Le fait que la salariée ait subi de nouvelles agressions sur son lieu de travail montre tout au plus qu’elle avait tenté de reprendre son poste et qu’elle a bénéficié de nouveaux arrêts successifs avant d’être consolidée des conséquences de l’accident du 20 avril 2011.
La S.A.S. [5] ne démontre donc pas que ces nouvelles agressions n’ont pas eu un retentissement sur l’état de santé antérieur de la salariée et ne l’ont pas dolorisé. Elle ne démontre donc pas que les arrêts de travail sont la conséquence d’un état antérieur évoluant pour son propre compte ou d’une cause totalement étrangère.
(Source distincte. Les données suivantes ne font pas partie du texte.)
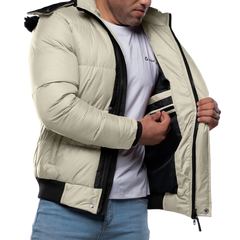 Desmond Cream Puffer Jacket Hooded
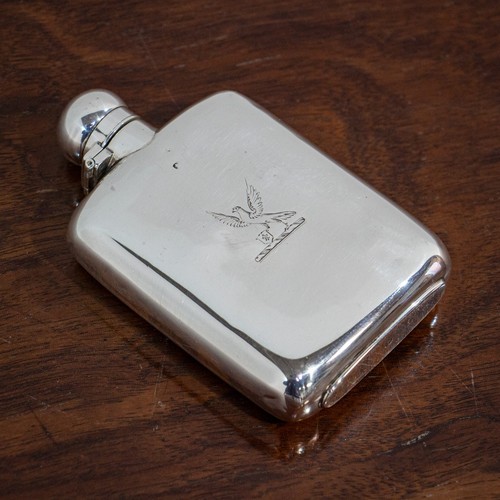 Victorian silver hip flask - hip,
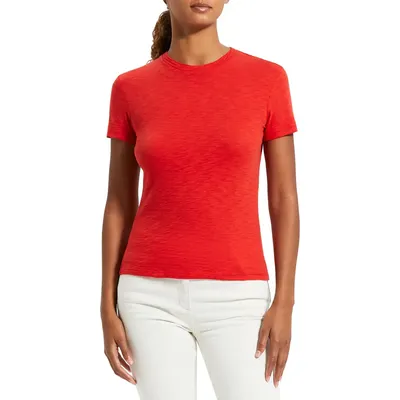 Theory Theory 2 Nebulous Organic Cotton Tiny Tee in Poppy -Uzt — Women Spring red Tops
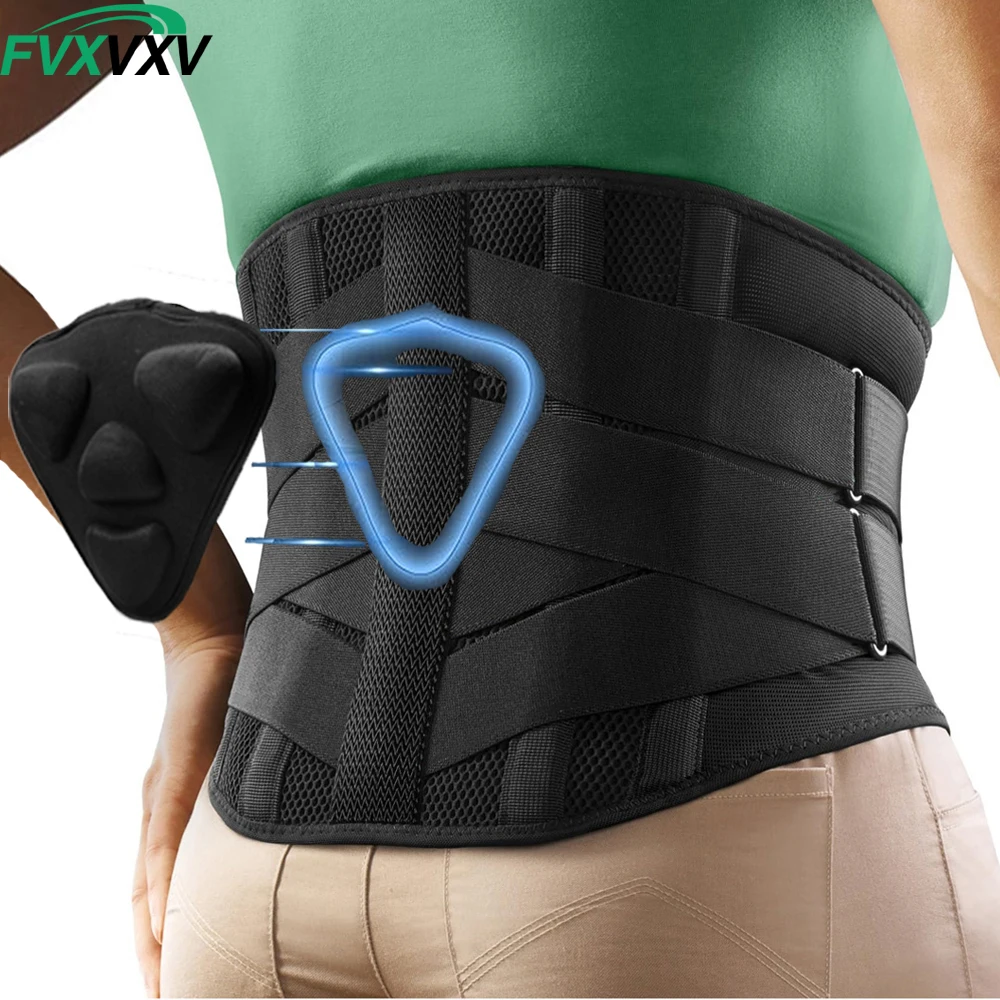 1 Stück Atmungsaktiver Lendenwirbelstützgürtel mit 3D-Lendenkissen & 5 Metallstreben, Schmerzlindernde Rückenbandage für Männer & Frauen mit Ischias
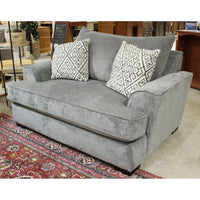 Gray Chenille Loveseat w/Throw Pillows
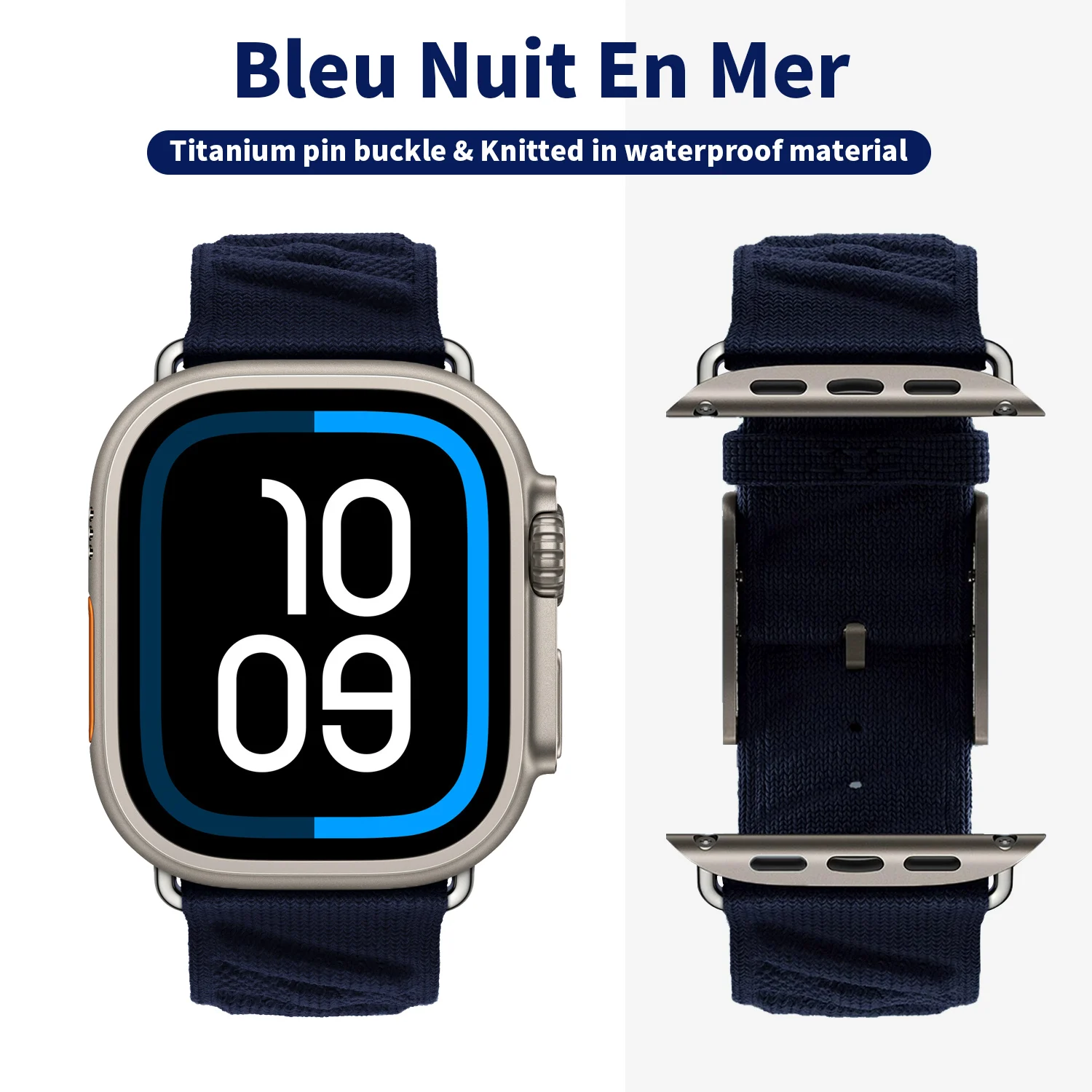 

2025 New En Mer Bleu Nuit Band For Apple Watch 10 9 8 7 6 Se 5 Iwatch Ultra 2 Strap 49mm 46mm 45mm 44mm Series10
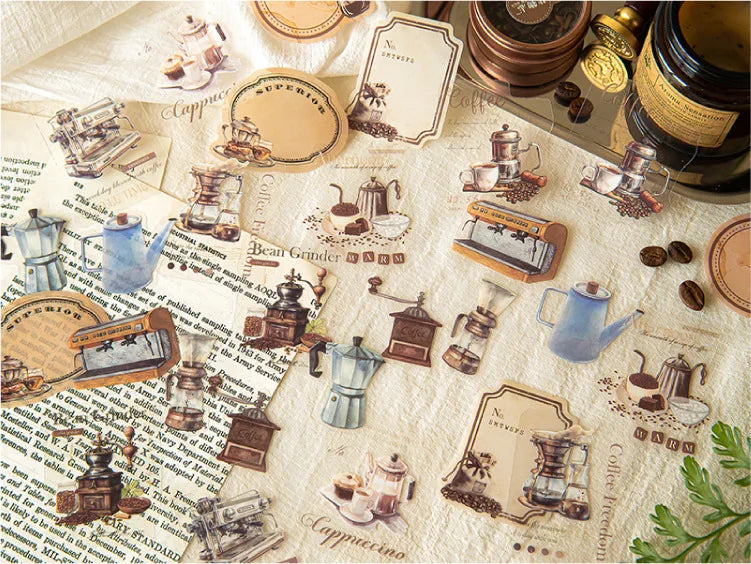 Lot de stickers PET Thème café vintage Créativité Adhésif DIY Scrapbooking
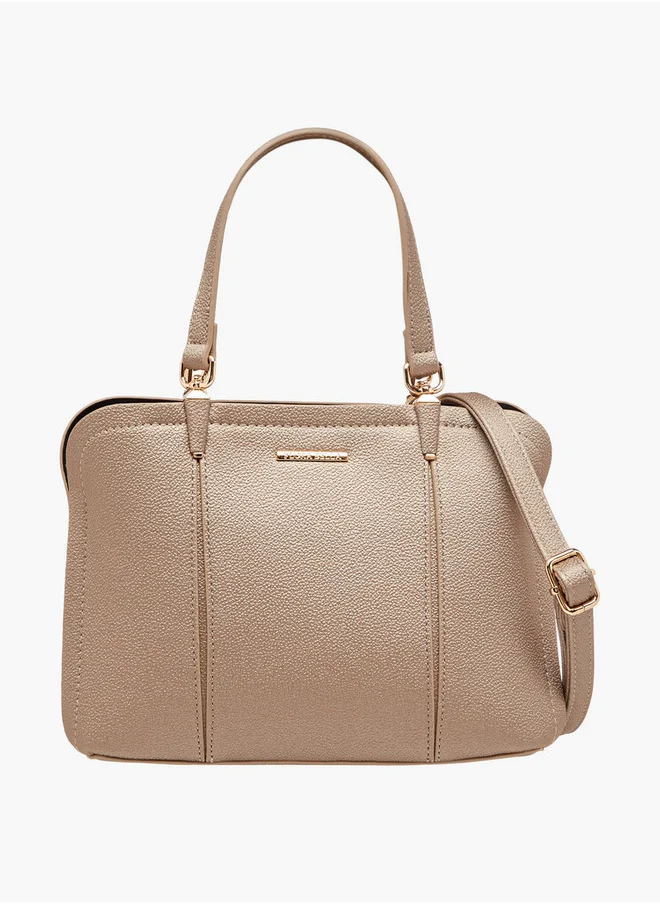 Flora Bella By Shoexpress Textured Tote Bag with Zip Closure and Detachable Strap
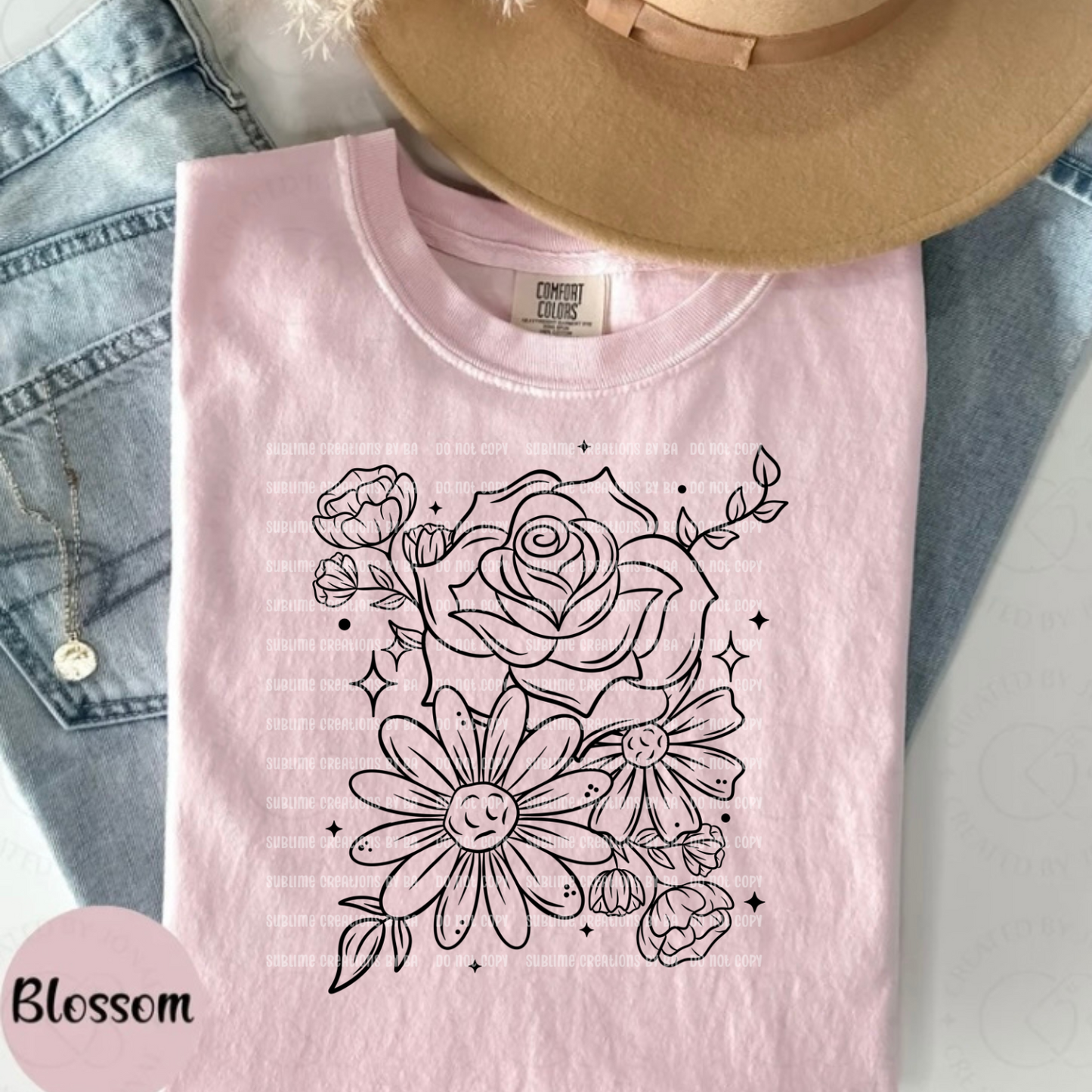 Floral Black Outline Single CC Tee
Elle échoue donc à démontrer que l’accident du travail déclaré ne justifie pas les soins et les arrêts de travail jusqu’à la date du 30 septembre 2011.
Il convient dès lors de confirmer le jugement en ce qu’il a rejeté la demande formée par la S.A.S. [5] .
La S.A.S. [5] qui succombe sera condamnée aux dépens.
PAR CES MOTIFS :
LA COUR ,
DÉCLARÉ l’appel de la S.A.S. [5] recevable ;
CONFIRME le jugement du tribunal des affaires de sécurité sociale de Bobigny du 06 septembre 2018 en ce qu’il rejeté la demande présentée par la S.A.S. [5] en non opposabilité de la décision de prise en charge de l’accident survenu le 20 avril 2011 ;
CONDAMNE la S.A.S. [5] aux dépens d’appel.